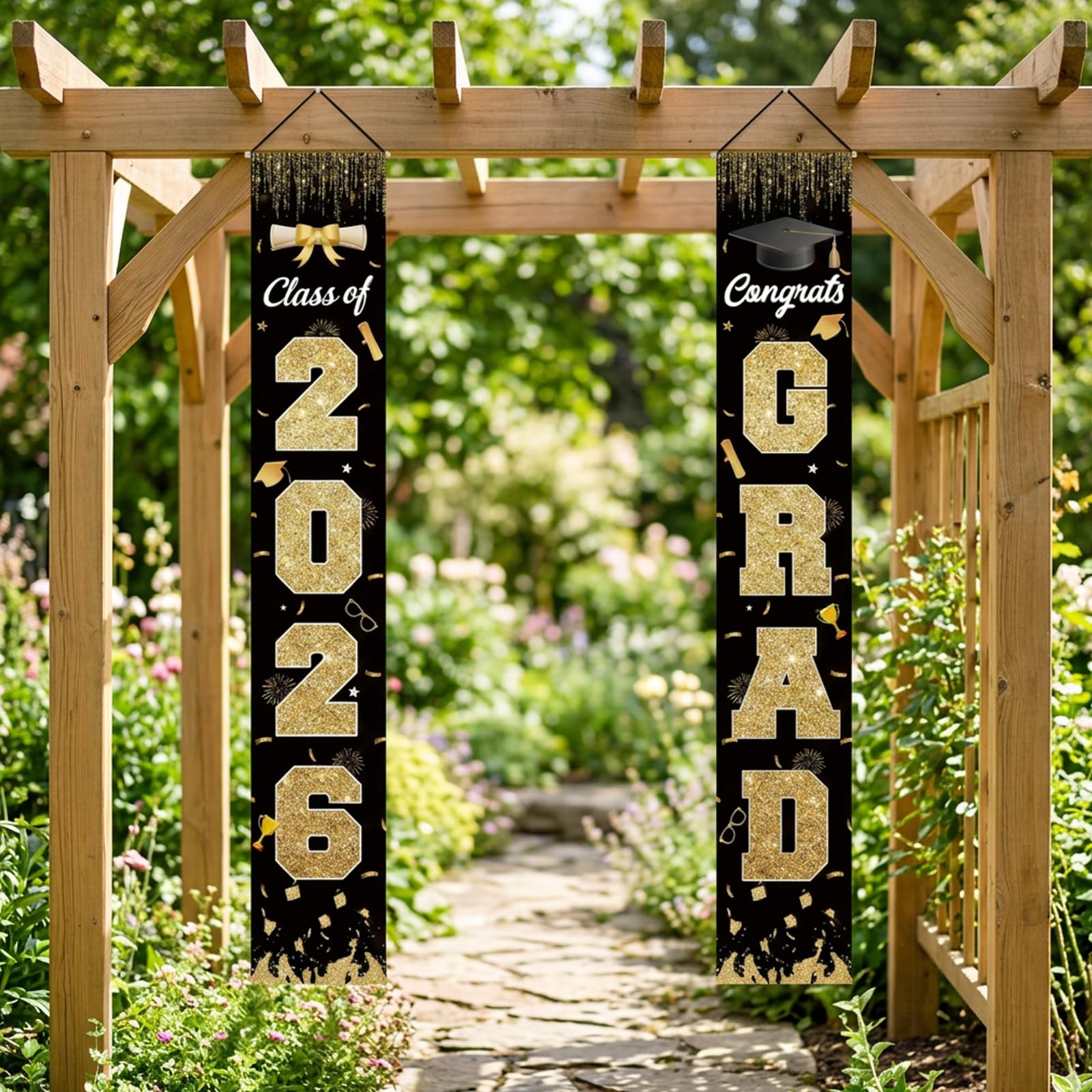 Graduation Decorations Class Of 2026 Banner Black And Gold Backdrop Banner, Graduation Party Decor Congrats Grad Booth Backdrop For Kindergarten Preschool High School College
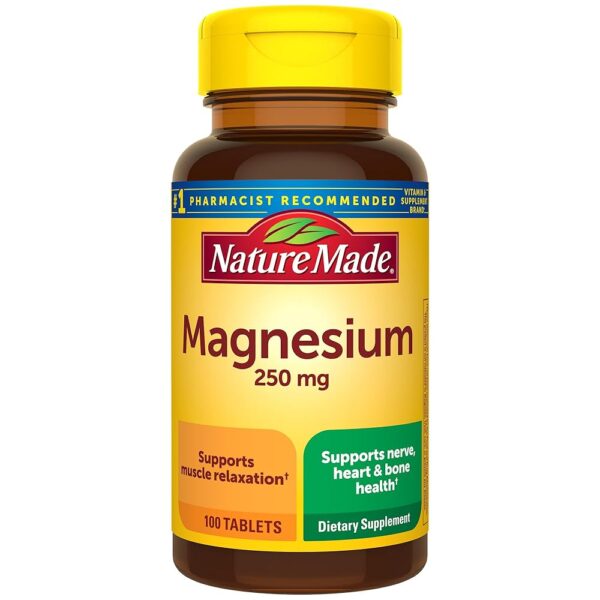 Nature Made Magnesium Oxide 250 mg, Magnesium Supplement for Muscle, Heart, Bone and Nerve Health Support, 100 Tablets, 100 Day Supply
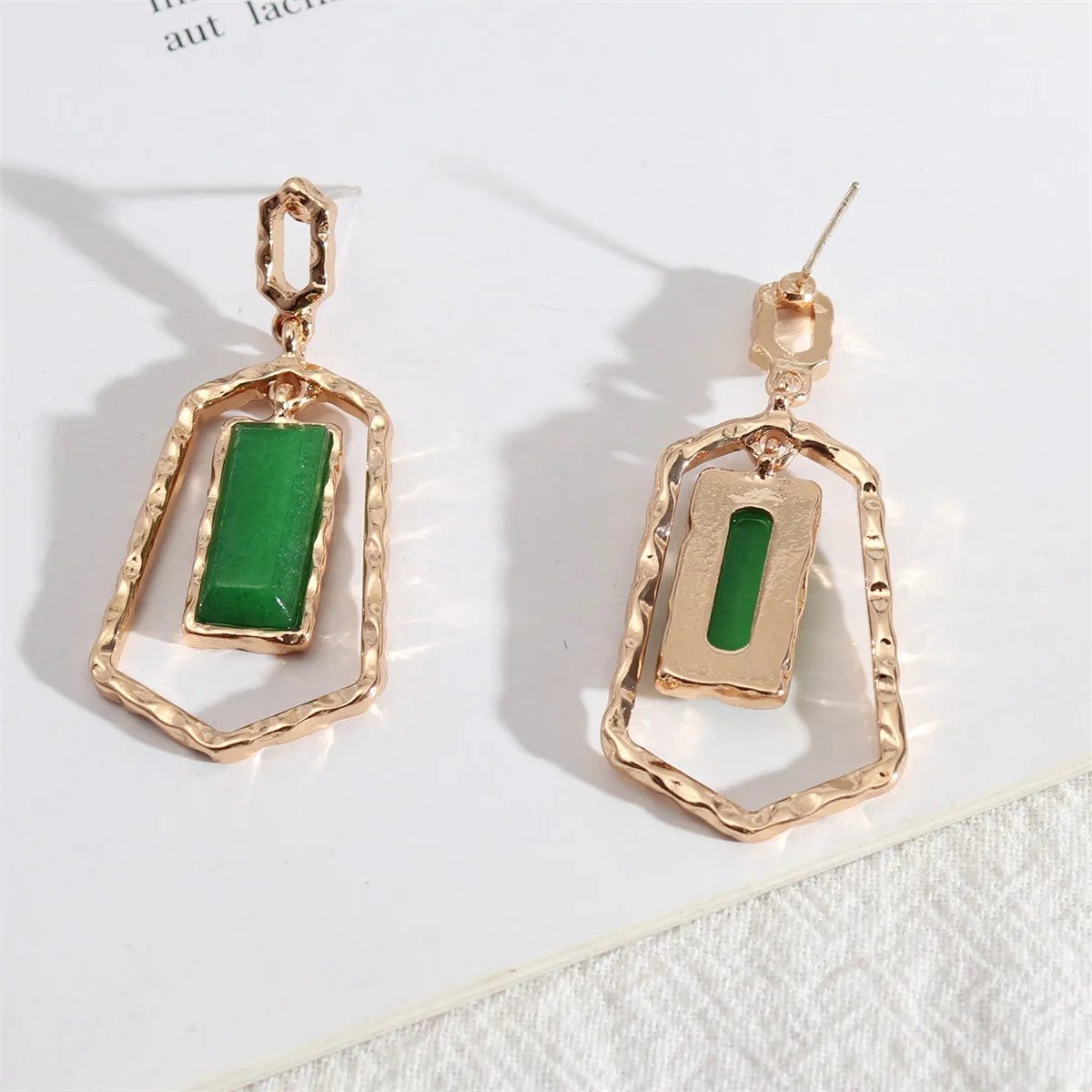 Green Quartz & 18K Gold-Plated Open Shield Drop Earrings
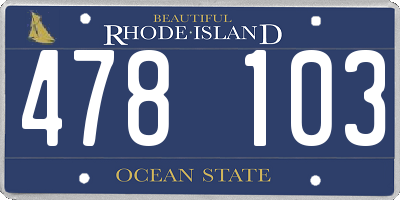 RI license plate 478103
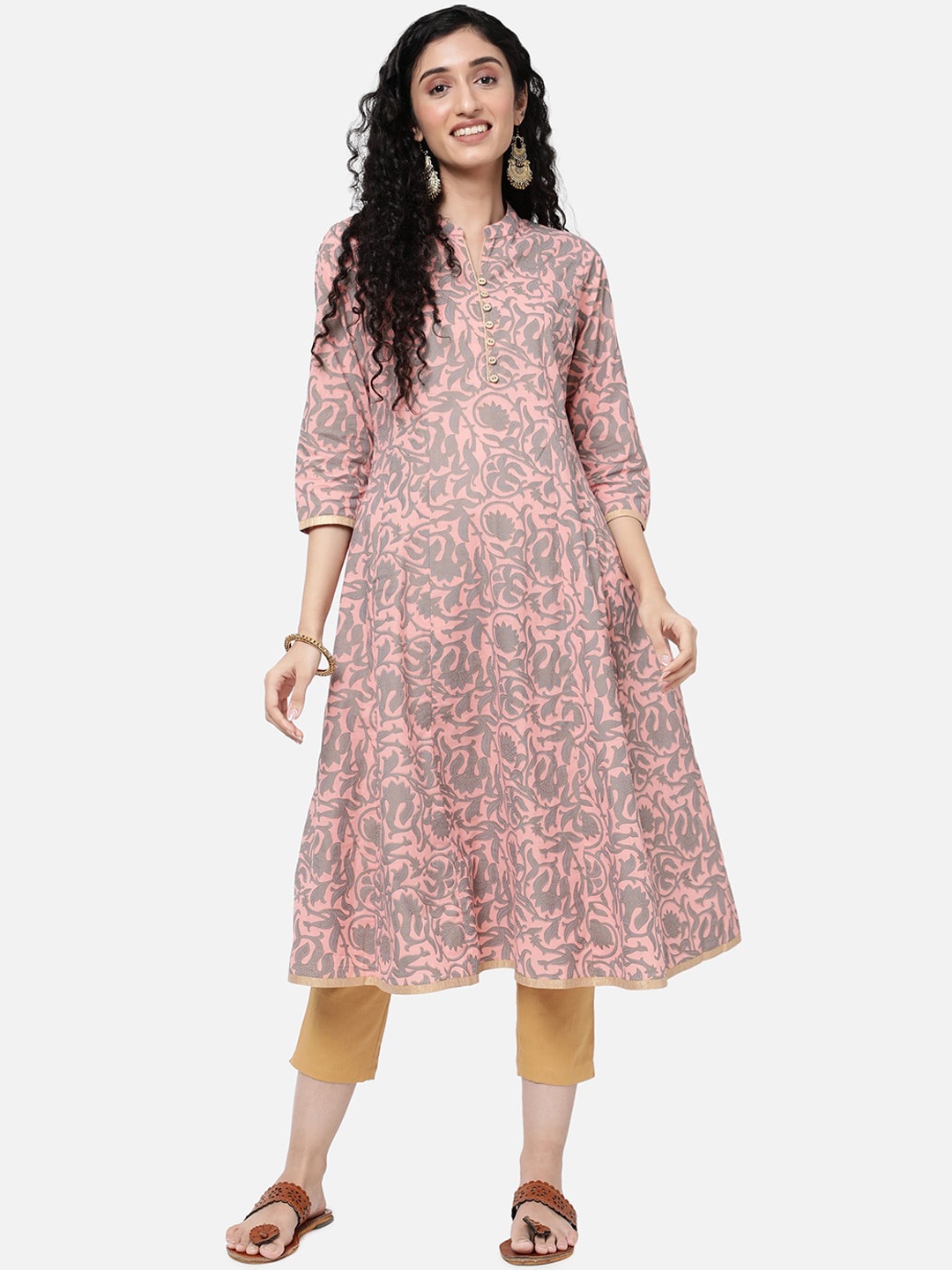 

R&B Women Pink Floral Printed Anarkali Kurta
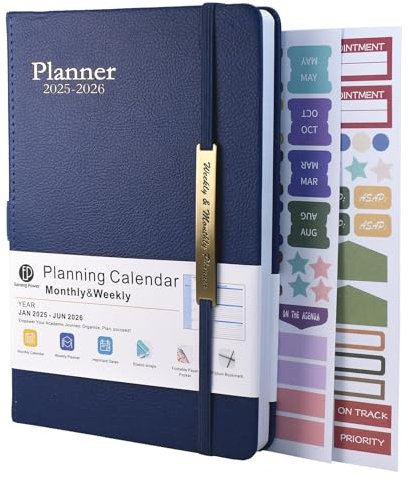Terminplaner 2025-2026 - 18 Monate von Januar 2025 bis Mitte Jun.2026, A5 Wochenansicht, Wochen- & Monatsplaner mit Ledereinband, Stiftschlaufe, Innentasche (Blau)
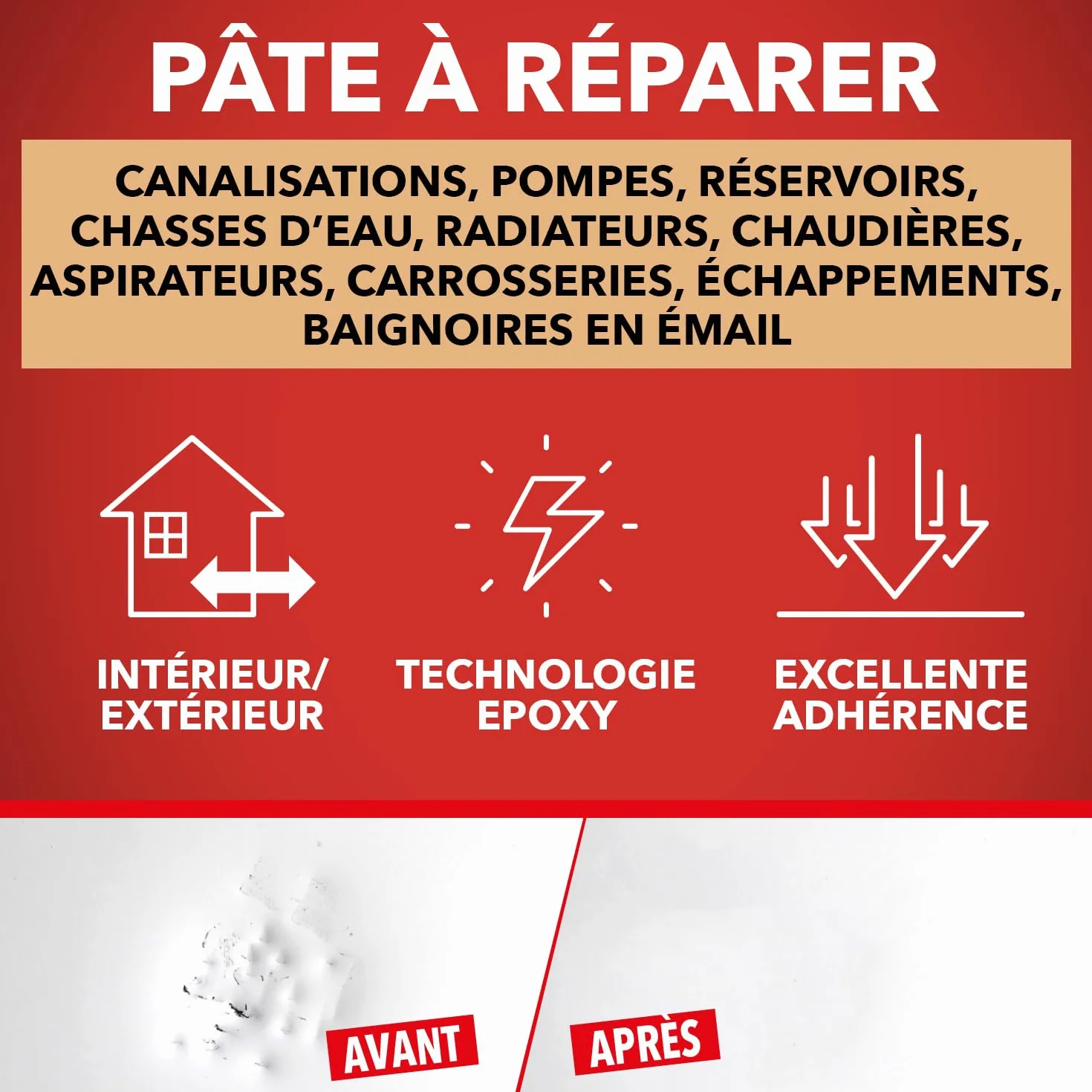 SINTO Répare Métal Rapide 60g Cuivre - Rebouche, Assemble, Soude - Résiste Pression Eau Températures Extrêmes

Aim of the exercise = The answer should match the material exactly, with every picture removed.

Output for this exercise =
 Graduation Decorations Class Of 2026 Banner Black And Gold Backdrop Banner, Graduation Party Decor Congrats Grad Booth Backdrop For Kindergarten Preschool High School College
 Nature Made Magnesium Oxide 250 mg, Magnesium Supplement for Muscle, Heart, Bone and Nerve Health Support, 100 Tablets, 100 Day Supply
 Green Quartz & 18K Gold-Plated Open Shield Drop Earrings
 RI license plate 478103

R&B Women Pink Floral Printed Anarkali Kurta
Terminplaner 2025-2026 - 18 Monate von Januar 2025 bis Mitte Jun.2026, A5 Wochenansicht, Wochen- & Monatsplaner mit Ledereinband, Stiftschlaufe, Innentasche (Blau)
 SINTO Répare Métal Rapide 60g Cuivre - Rebouche, Assemble, Soude - Résiste Pression Eau Températures Extrêmes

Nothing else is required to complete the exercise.